Consort music began as adaptations of vocal works but composers started writing music specifically for viol consorts. Typically viols came in a matched set, known as a chest from the box which contained them and their associated paraphernalia, and would consist of two treble, two tenor and two bass viols. They were played on or between the knees, like a cello, not under the chin, like a violin. They had flat instead of rounded backs and were slower to speak than the violin and its family, which supplanted them. The pieces written for viols were all short. The longest of the fantasias on these discs is about five minutes and the two pavans are slightly longer. But their quality was often very high – fully equivalent to the string quartets of a later period.

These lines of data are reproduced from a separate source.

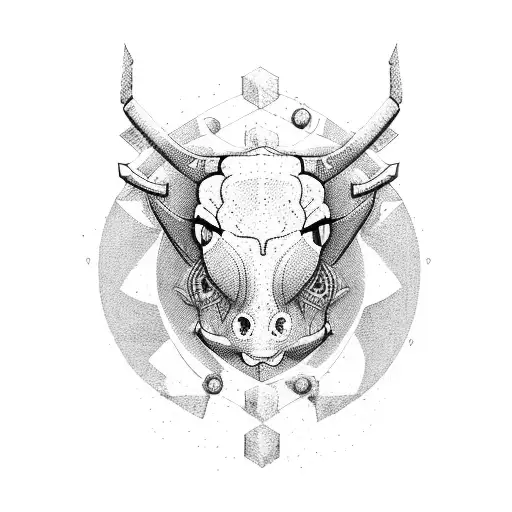 tractor tattoo design idea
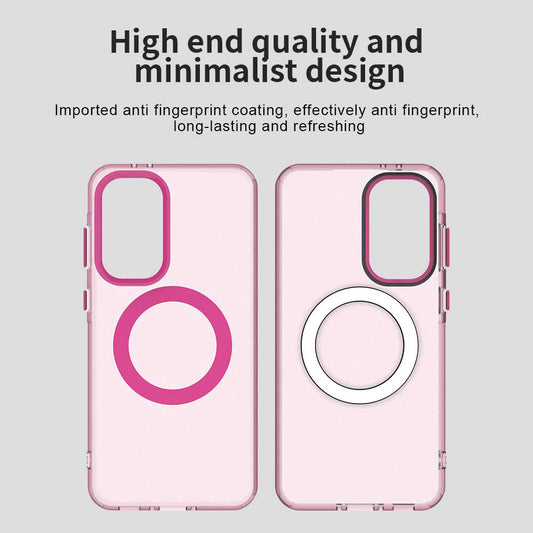 MagSafe futrola za Samsung Galaxy A56 A566, Techsuit, CandyCase, Roza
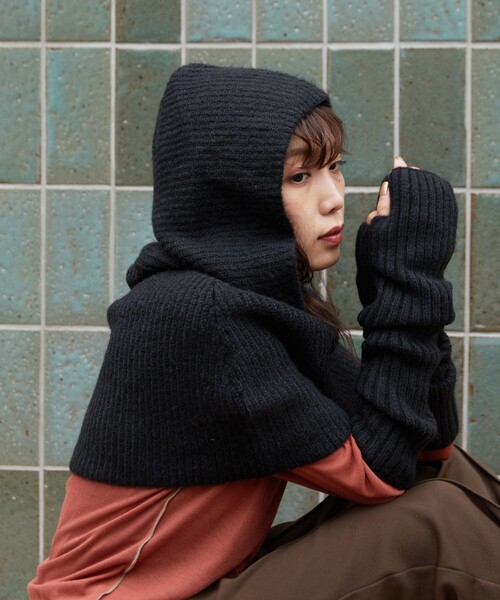 「FREAK'S STORE」 スヌード ONE SIZE ベージュ レディース_画像6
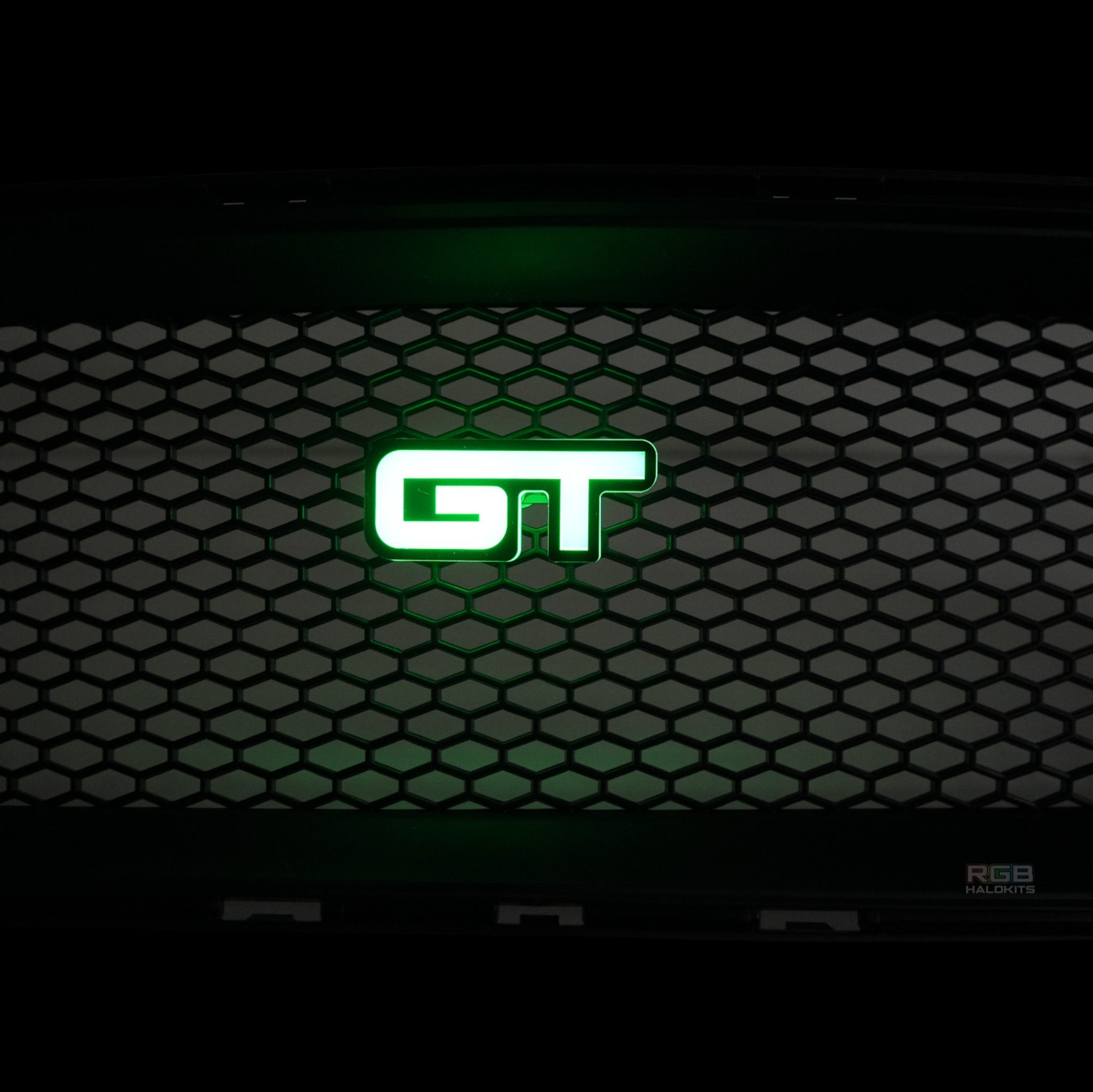 GT LED Emblem Badge (Multicolor Flow) – Custom Multicolor LED Lighting by RGB Halo Kits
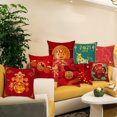 thumbnail image 1 of Koszal Square Cushion Pillow Case Cover Decor Sofa Spring Festival Couch Pillowcase, 1 of 7
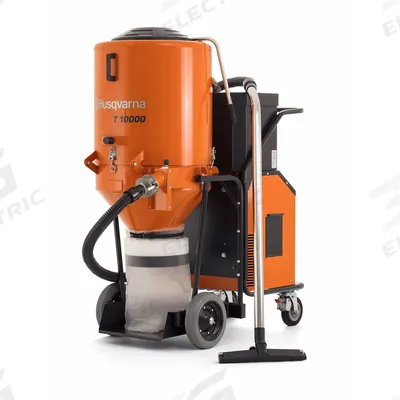 HUSQVARNA Dust Extractor: 480 V AC, 480 cfm, 3 in Hose Dia., 16 7/8 hp, HEPA - Industrial Silica Dust Collectors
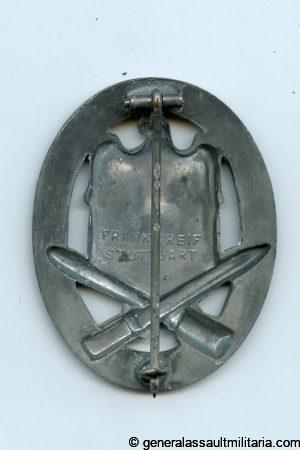General assault badge in silver - Frank & Reif, Stuttgart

John Jenkins was one of the brightest stars in the period of the English viol consort. He wrote fantasias in six and five parts, which have been recorded by Phantasm, and rather more in four parts, which we have here, played by Fretwork. Jenkins seems to have had a quiet life, mostly spent away from court, in the service of noble families, particularly in Norfolk. His style is mellifluous, with a considerable use of ‘divisions’, in which longer notes are divided into ever shorter ones. It is much less obviously surprising than that of his former pupil William Lawes. Scores in modern notation are available here.
These four-part fantasias are easier to follow than the five and six part ones, and make an admirable entry point to this repertoire. They are easy to listen to, attractive and varied, and, though written for the pleasure of the performers, also give pleasure to listeners. The ear quickly adjusts to the different character of viols, as opposed to the violin family: contemplative, somewhat withdrawn and inclined to melancholy, but also capable of playfulness, always courteous, never shrill or aggressive.
Fretwork have been playing together for over forty years, though with some changes in personnel, and they know how this music should go. If I were to contrast them with Phantasm, the other leading viol consort, I would say that Phantasm play with slightly more of an ear towards later chamber music, whereas Fretwork’s style is slightly plainer. Both styles are legitimate and convincing. The recording is both intimate and warm and the notes, in English only, are interesting. This is a valuable addition to the none too generous representation of Jenkins on disc.